I don't want to alarm anyone, but I've been practicing...


----------



## a small kitten (Mar 26, 2013)

Alarmed.


----------



## Mikel (Mar 27, 2013)

Kian said:


> I don't want to alarm anyone, but I've been practicing...



Please, Please, Please OH NAR?!


----------



## Swordsman Kirby (Mar 27, 2013)

a small kitten said:


> Alarmed.



LOL



Mikel said:


> Please, Please, Please OH NAR?!



He averaged 10sec over a whole night a few days ago, if anyone was curious.


----------



## a small kitten (Mar 27, 2013)

He can still get the single, right? 11.41 is just asking to be beaten xD


----------



## Kian (Mar 27, 2013)

a small kitten said:


> He can still get the single, right? 11.41 is just asking to be beaten xD



I think we should just count my 10.75. A delegate was present.


----------



## Mikel (Mar 27, 2013)

Kian said:


> I think we should just count my 10.75. A delegate was present.



*Kian's Super Awesome Lonely Competition*

Location: Kian's humble abode. (Must have key to get in)

Events:
3x3 OH - 1 Round (Best of 1 solve)


Registration: 


Must be named Kian Barry in order to participate. Must also shout, "OH MY GOD" to the tune of Usher in order for results to be valid.


Results:

3x3 One-handed Kian Barry USA 10.75 NAR


----------



## cityzach (Mar 27, 2013)

I lol'd so hard^


----------



## That70sShowDude (Mar 27, 2013)

lol Mikel


----------



## Kian (Mar 27, 2013)

hahaha that was fantastic, Mikel.


----------



## brandbest1 (Mar 28, 2013)

http://live.cubecomps.com/live.php?cid=166&cat=1&rnd=1

lolwut


----------



## kunparekh18 (Mar 28, 2013)

brandbest1 said:


> http://live.cubecomps.com/live.php?cid=166&cat=1&rnd=1
> 
> lolwut



lolwat

just as I expected from the guy who taught me how to solve the Rubik's cube haha


----------



## CoryThigpen (Mar 28, 2013)

Is there a competition any harder than Nationals to advance in the 3x3 than at Princeton?

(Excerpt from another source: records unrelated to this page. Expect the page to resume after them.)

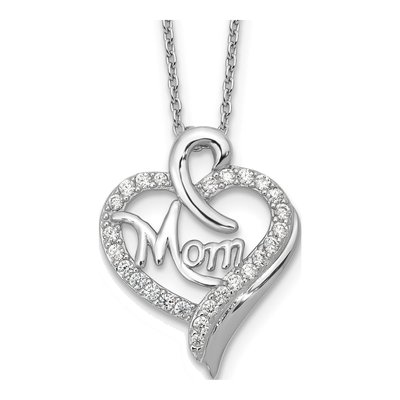 Sterling Silver CZ MOM Heart Pendant Necklace
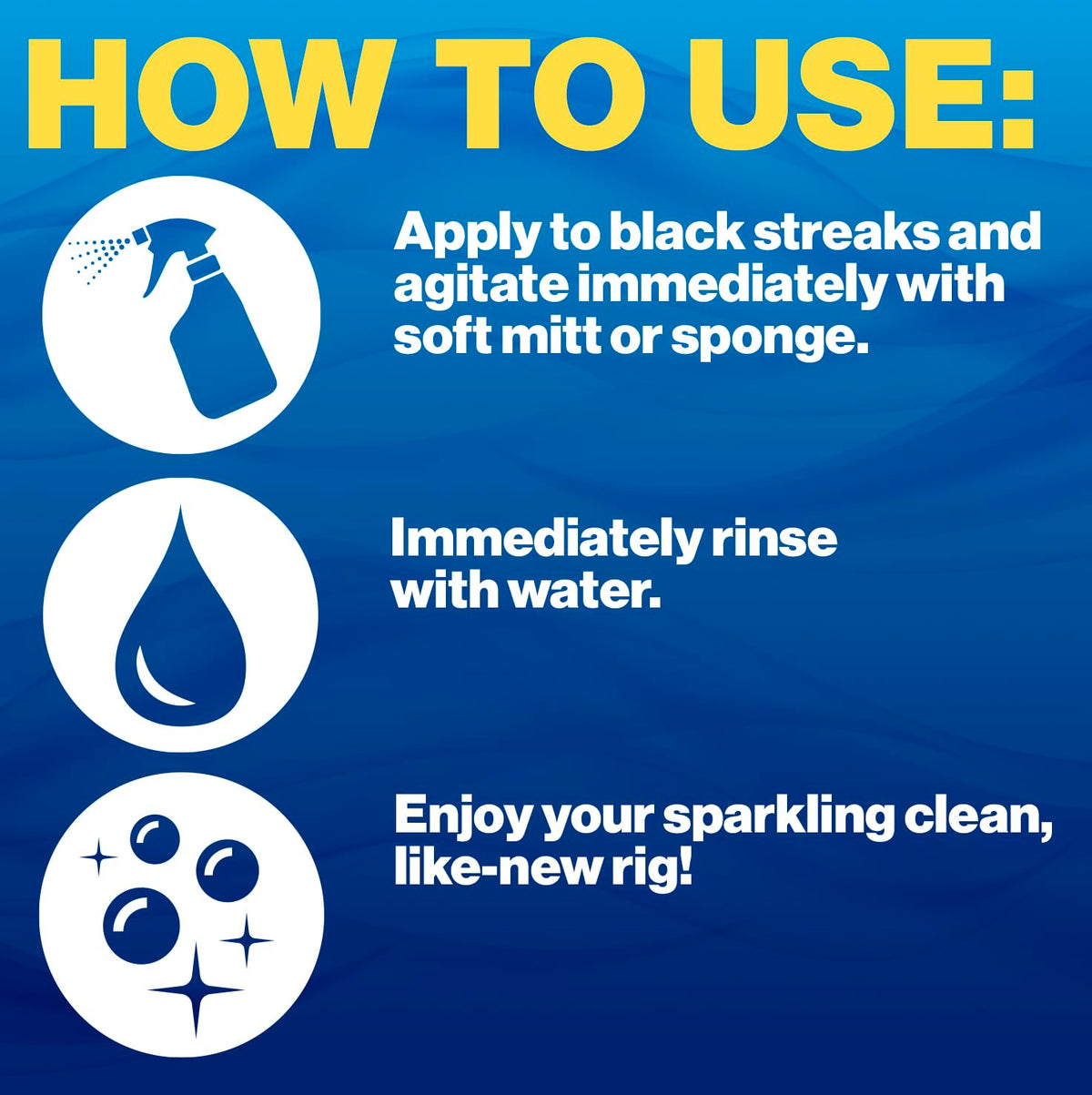WALEX WALBS32 Walex Premium RV/Marine Black Streak Remover - Powerful Exterior Cleaner for RVs, Campers, and Boats, Restores Original Shine, Removes Tough Stains & Scuff Marks, Easy Application, 32 oz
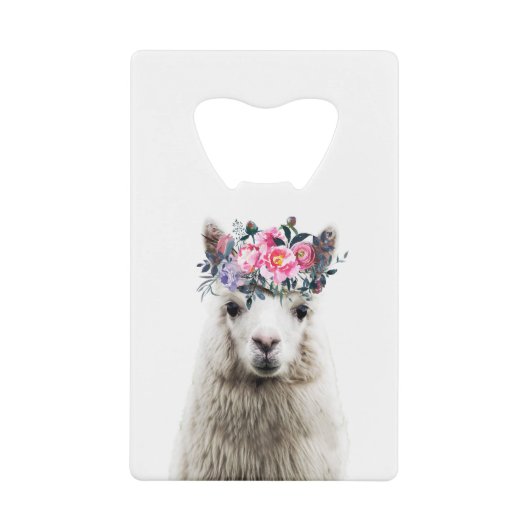 Alpaca mit Blume Geldbeutel Flaschenöffner (Vorderseite)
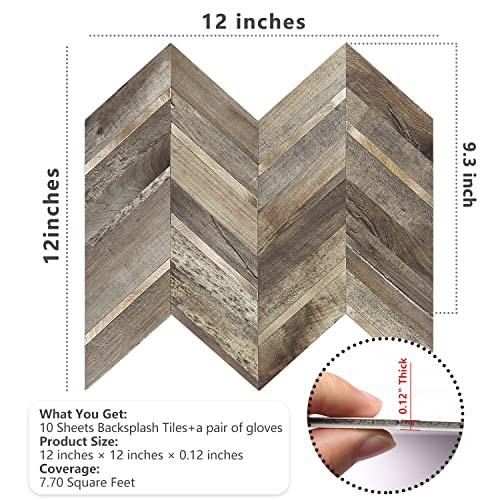 STICKGOO Herringbone Tile Peel and Stick Backsplash for Kitchen&Bathroom - color: Faux Wood Mixed Gold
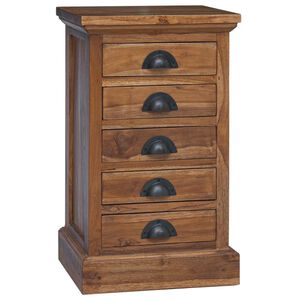vidaXL Chest of Drawers Natural 35 x 30 x 60 cm Solid Teak Wood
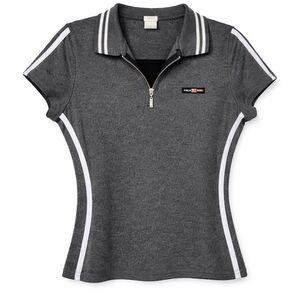 Polo Girl USA Vintage Y2K Half-Zip Athletic Polo Top Gray White Stripe Size L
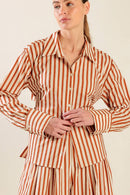 Aria Top Taupe Rust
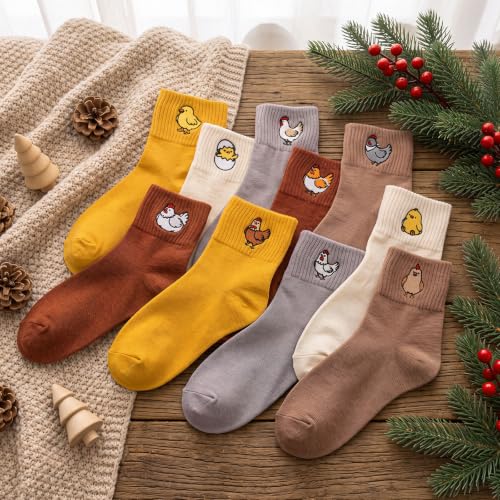 Image of Eurzom 10 Pairs Socks Womens Crew Elastic Ankle Length Cotton Socks Aesthetic Cute Lightweight Low Cut Gifts for Women
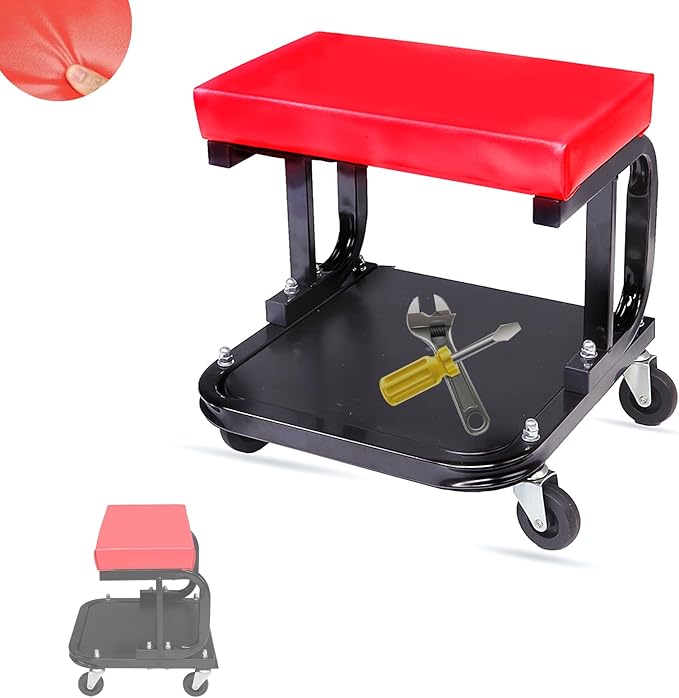 Mechanics Roller Seat, 300 LBS Capacity Rolling Creeper Garage Padded Rolling Workshop Stool with Tool Tray Storage Creeper Seat Mechanic Stool with Wheels Creepers Automotive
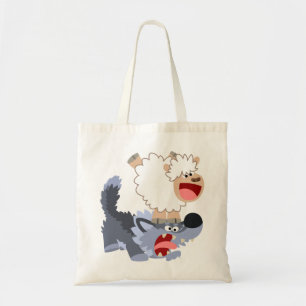 Cute Playful Cartoon Sheep and Wolf Bag
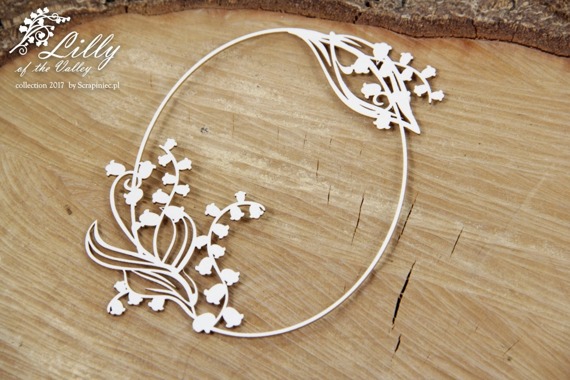 Chipboard - Lilly of the valley - Oval Frame 03 
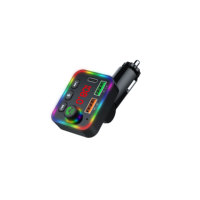 Transmetteur FM Justlink BT 5.3 DSP CVC, chargeur de voiture 3 ports PD USB 3.1A à charge rapide, lecteur MP3, kit mains libres antidérapant, 7 couleurs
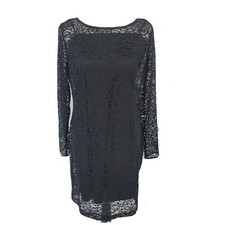 Chaps Black Lace Sheath Dress Long Sleeve Lined Women's 12 NWT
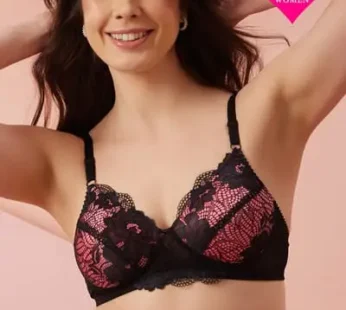 Padded Non-Wired Full Coverage Bridal Bra in Black – Lace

Advancement to second round for the top *32* should be around 15 seconds when you add in the people who show up but don't register (ahem, Phil, Rowe, Ricci etc). 

I don't want to advance because I think I can actually win.. I just want more solves! It's like playing The Need For Speed arcade game where you just want to hit the next checkpoint so you don't have to keep putting quarters in the stupid machine! That being said... it's annoying to see competitions where 20+ averages advance. Not annoying really. It just makes me jealous.

That being said.. my new 3x3 goal: 15.xx Ao5.


----------



## a small kitten (Mar 28, 2013)

> 5.00	3.00	2.00	1.00	0.05 WR 2.00 WR 0.05



Alan's too good for the 4.


----------



## Kian (Mar 28, 2013)

CoryThigpen said:


> Is there a competition any harder than Nationals to advance in the 3x3 than at Princeton? Advancement to second round for the top *32* should be around 15 seconds when you add in the people who show up but don't register (ahem, Phil, Rowe, Ricci etc).
> 
> I don't want to advance because I think I can actually win.. I just want more solves! It's like playing The Need For Speed arcade game where you just want to hit the next checkpoint so you don't have to keep putting quarters in the stupid machine! That being said... it's annoying to see competitions where 20+ averages advance. Not annoying really. It just makes me jealous.
> 
> That being said.. my new 3x3 goal: 15.xx Ao5.



I can guarantee you that Rowe will not be there. He is either on or about to board a plane to Copenhagen.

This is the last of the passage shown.